Apologies for the double post - I didn't want to spread that much gloom!

PGK - beware of what you wish upon the old, the sick and the infirm. Too many of us are already approaching that with some trepidation.

I gave up on ( cold ) fusion but I have cracked perpetual motion. However I am not going to tell anybody how it is done, I will hold my breath until I turn purple and take the secret with me down the deep mineshaft.


29/11/2021 09:31:54

Regrettably not - but you could compensate by planting a grove of trees between the lathe and the mill, or by buying a quarter of a carbon credit, or by holding your breath the entire time you are working in the workshop combined with a generator attached treadmill to power the machinery.

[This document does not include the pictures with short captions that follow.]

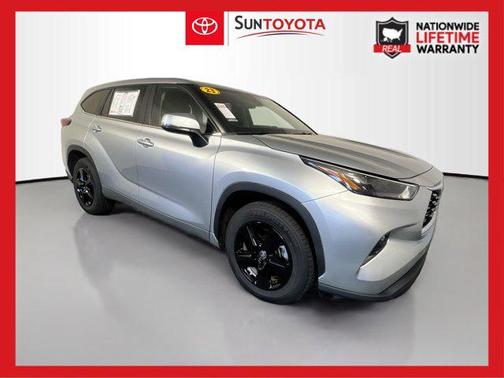 2023 Toyota Highlander LE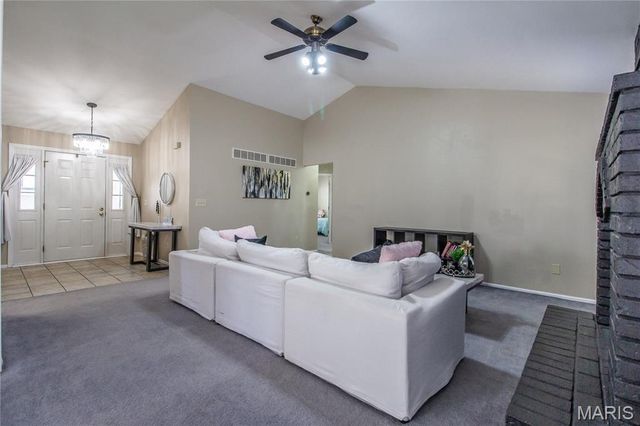 1870 Charleston Estates Drive, St Louis, MO 63031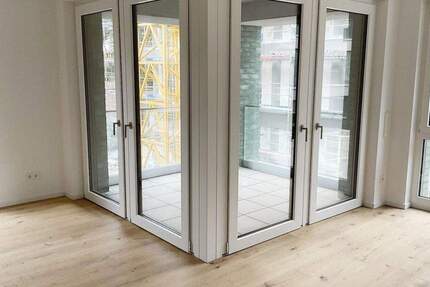 NEUES + HELLES Wohnen mit Glaswand-Loggia, Einbauküche, Tageslichtbad mit Walk-In-Dusche, Aufzug 3 zimmer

However as a selfish old ***** I shall continue as before and live in hope that the real problem, albeit one for which there is no short term solution, global over-population. Well, there are short term solutions but I don't think we want to get into those,

I suspect that, possibly apart from gardening, no hobby is green and ours, which uses lots of energy in the construction of our tools and machinery, to make our raw materials to construct our workshops and to power the whole activity, means that we are probably quite a way down the list.

Philosophically, are we to be limited in the not to distant future only to activities which produce food or grow trees?

Forgive my jaundiced view but I will be a year older tomorrow - always a depressing time!